Global Command and Control System (GCCS) is the United States' armed forces DoD joint command and control (C2) system used to provide accurate, complete, and timely information for the operational chain of command for U.S. armed forces.  "GCCS" is most often used to refer to the computer system, but actually consists of hardware, software, common procedures, appropriation, and numerous applications and interfaces that make up an "operational architecture" that provides worldwide connectivity with all levels of command.  GCCS incorporates systems that provide situational awareness, support for intelligence, force planning, readiness assessment, and deployment applications that battlefield commanders require to effectively plan and execute joint military operations.

History

GCCS evolved from earlier predecessors such as TBMCS (Theater Battle Management Core Systems), Joint Operations Tactical System (JOTS), and Joint Maritime Command Information System (JMCIS) to fulfill a requirement for technological, procedural, and security improvements to the aging Worldwide Military Command and Control System, aka WWMCCS, and its TEMPEST requirements of Cold War defense from wiretapping and electromagnetic signal interceptions, to include physical (special wire and cabinet shielding, double locks) and operational (special access passes and passwords) measures.  On August 30, 1996, the Defense Information Systems Agency (DISA) officially decommissioned WWMCCS and the Joint Staff declared the Global Command and Control System (GCCS) as the joint command and control system of record.

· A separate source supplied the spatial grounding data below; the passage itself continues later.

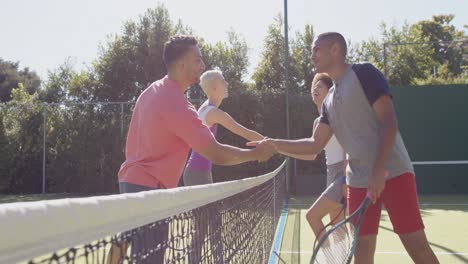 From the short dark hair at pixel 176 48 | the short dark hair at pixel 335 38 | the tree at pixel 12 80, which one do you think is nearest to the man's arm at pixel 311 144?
the short dark hair at pixel 335 38

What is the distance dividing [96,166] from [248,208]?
1118cm

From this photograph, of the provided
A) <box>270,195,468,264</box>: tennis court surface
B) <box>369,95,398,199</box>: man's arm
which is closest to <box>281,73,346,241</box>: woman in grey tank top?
<box>270,195,468,264</box>: tennis court surface

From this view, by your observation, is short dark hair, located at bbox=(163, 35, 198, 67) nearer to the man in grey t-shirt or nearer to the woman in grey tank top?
the man in grey t-shirt

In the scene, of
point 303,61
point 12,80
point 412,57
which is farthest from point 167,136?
point 12,80

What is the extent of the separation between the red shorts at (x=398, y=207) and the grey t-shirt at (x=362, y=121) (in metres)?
0.05

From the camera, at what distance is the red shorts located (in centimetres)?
287

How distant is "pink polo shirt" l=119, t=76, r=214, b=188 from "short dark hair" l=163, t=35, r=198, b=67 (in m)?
0.15

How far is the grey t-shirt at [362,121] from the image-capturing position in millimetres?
2939

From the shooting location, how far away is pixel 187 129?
2664 mm

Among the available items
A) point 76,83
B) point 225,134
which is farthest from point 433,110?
point 76,83

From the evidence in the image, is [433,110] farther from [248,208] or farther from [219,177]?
[248,208]

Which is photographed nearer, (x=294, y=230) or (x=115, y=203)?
(x=115, y=203)

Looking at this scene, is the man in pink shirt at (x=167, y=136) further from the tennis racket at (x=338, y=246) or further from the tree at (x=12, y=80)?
the tree at (x=12, y=80)

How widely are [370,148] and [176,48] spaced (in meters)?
1.13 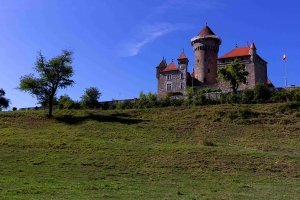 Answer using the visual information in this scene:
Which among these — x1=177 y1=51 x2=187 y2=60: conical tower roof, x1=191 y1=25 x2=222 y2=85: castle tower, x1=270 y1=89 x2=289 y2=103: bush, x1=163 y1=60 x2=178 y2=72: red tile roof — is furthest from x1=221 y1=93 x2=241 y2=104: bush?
x1=177 y1=51 x2=187 y2=60: conical tower roof

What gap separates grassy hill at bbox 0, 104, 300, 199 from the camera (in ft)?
81.1

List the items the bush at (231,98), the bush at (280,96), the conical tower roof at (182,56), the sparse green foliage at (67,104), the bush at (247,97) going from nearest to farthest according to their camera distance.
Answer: the bush at (280,96), the bush at (247,97), the bush at (231,98), the sparse green foliage at (67,104), the conical tower roof at (182,56)

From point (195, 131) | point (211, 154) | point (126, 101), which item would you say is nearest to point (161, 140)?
point (195, 131)

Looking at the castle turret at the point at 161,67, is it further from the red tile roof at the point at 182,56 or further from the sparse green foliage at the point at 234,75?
the sparse green foliage at the point at 234,75

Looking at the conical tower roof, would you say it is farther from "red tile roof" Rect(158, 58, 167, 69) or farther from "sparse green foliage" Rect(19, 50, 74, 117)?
"sparse green foliage" Rect(19, 50, 74, 117)

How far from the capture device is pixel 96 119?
61719mm

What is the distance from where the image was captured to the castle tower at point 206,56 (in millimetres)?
99062

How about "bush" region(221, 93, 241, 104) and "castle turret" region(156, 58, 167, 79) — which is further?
"castle turret" region(156, 58, 167, 79)

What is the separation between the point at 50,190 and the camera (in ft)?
75.7

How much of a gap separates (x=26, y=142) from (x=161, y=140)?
12.3 m

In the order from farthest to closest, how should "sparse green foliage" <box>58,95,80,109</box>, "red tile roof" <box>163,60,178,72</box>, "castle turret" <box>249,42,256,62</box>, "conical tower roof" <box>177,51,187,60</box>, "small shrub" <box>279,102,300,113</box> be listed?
"conical tower roof" <box>177,51,187,60</box> < "red tile roof" <box>163,60,178,72</box> < "castle turret" <box>249,42,256,62</box> < "sparse green foliage" <box>58,95,80,109</box> < "small shrub" <box>279,102,300,113</box>

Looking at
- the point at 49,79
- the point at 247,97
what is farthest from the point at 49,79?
the point at 247,97

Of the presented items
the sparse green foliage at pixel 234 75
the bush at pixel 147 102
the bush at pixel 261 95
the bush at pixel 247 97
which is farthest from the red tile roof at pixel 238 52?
the bush at pixel 147 102

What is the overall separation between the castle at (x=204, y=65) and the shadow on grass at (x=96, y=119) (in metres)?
29.9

Applications, Functionality
GCCS systems comprise various data processing and web services which are used by many applications supporting combat operations, troop/force movements (JOPES), intelligence analysis and production, targeting, ground weapons and radar analysis, and terrain and weather analysis. Some next-generation applications designed for GCCS may support collaboration using chat systems, newsgroups, and email. (See JOPES, Mob/ODEE, etc.)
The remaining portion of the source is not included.